ロベール・ブレッソン/松浦寿輝・訳『シネマトグラフ覚書』)

 以下も同日づけの記事より。『どくろ杯』(金子光晴)について。このくだりの衝撃はいまでもよくおぼえている。本当にすごいと思う。

キャバレーの描写のなかで出てきた《振袖に、胸高帯の、いずれも大柄な、うんこの太そうな女たちが踊っていた》という一行に笑いかけたが、いやこれはすさまじい一行だと思いなおした。ここまで思いきった修辞を笑いのコンテクストからはずしたうえで使いこなすことのできる人物がこの書き手以外にまったくもって思いあたらない!

 あと、「じぶんにとって一年という単位は、夏の期待と、夏と、夏の余韻だけで成り立っているような気がする」という一行も書きつけられており、まあたしかにいまでもそうかもしれんと思った。いや、冬の寒さは当然意識せざるをえないわけだが、でもたとえば、春や夏や秋に冬を思ってワクワクするということがまったくない。逆に、冬や春には夏を思ってワクワクするし、秋にはたしかに過ぎ去ってしまったものの余韻にひたる感傷的な一時期がおとずれる。日本で会社勤めをしていれば、クリスマスから年末にかけてのはなやかな気忙しさを楽しむ機会もあるのかもしれないし、それがフックとなって冬を冬でない季節のただなかでなつかしく思ったりその到来を期待したりすることもあるのかもしれないが、いまのじぶんの生活のなかにはそうしたもろもろの感情が一切ない。

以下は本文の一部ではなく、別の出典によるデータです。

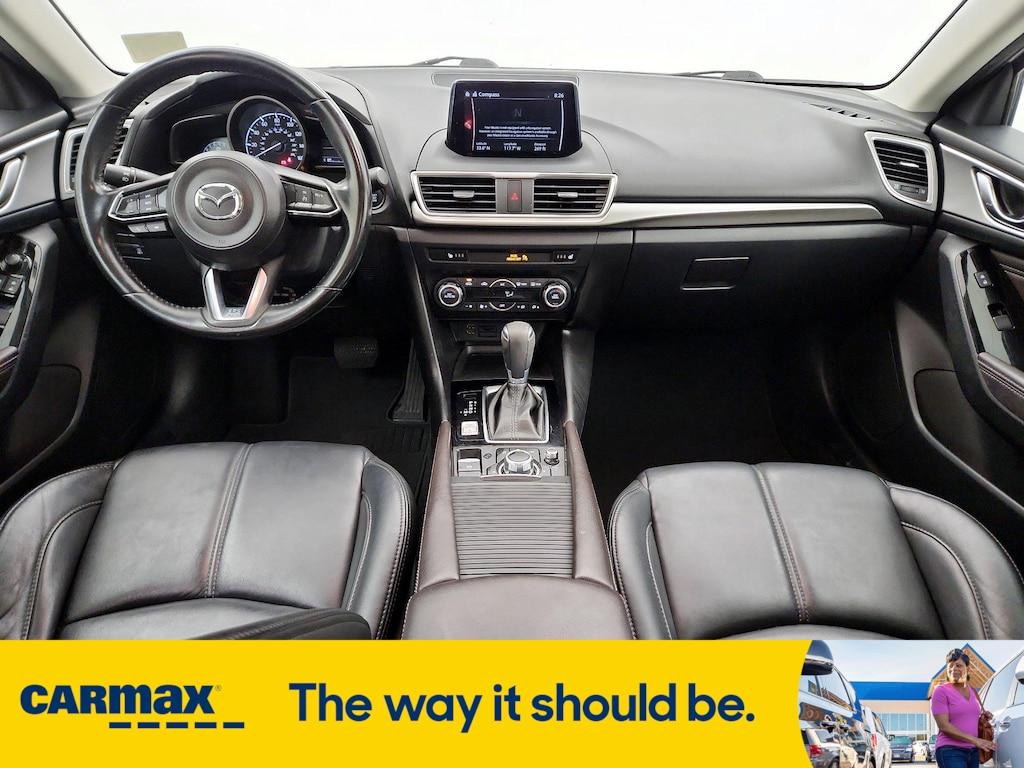 used 2018 Mazda Mazda3 car, priced at $15,998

 授業開始日は4日であるが、キャリーケースを運ぶ学生の姿は今日の日中すでにぽつりぽつり見かけたし、日本語学科の学生たちもぼちぼちもどってくるかもしれない。もどってきたらきっとまた食事だの散歩だの誘いがあるだろうから、そのまえにやるべきことをやっておいたほうがいいなというわけで、冷食の餃子で腹ごしらえをすませたのち、初回の授業でおこなうことが毎学期恒例となっているお土産争奪戦のゲームを作成することに。一年生は以前こしらえたものをそのまま応用すれば問題ないが、二年生と三年生については新規作成する必要があるので、「パーセントファイト」でググって出てきた問題のなかからめぼしいものをピックアップする。数の揃ったところで中断。来学期の時間割をA4用紙に手書きしてデスク前の壁に貼る。はやく夏休みになってほしいなァ!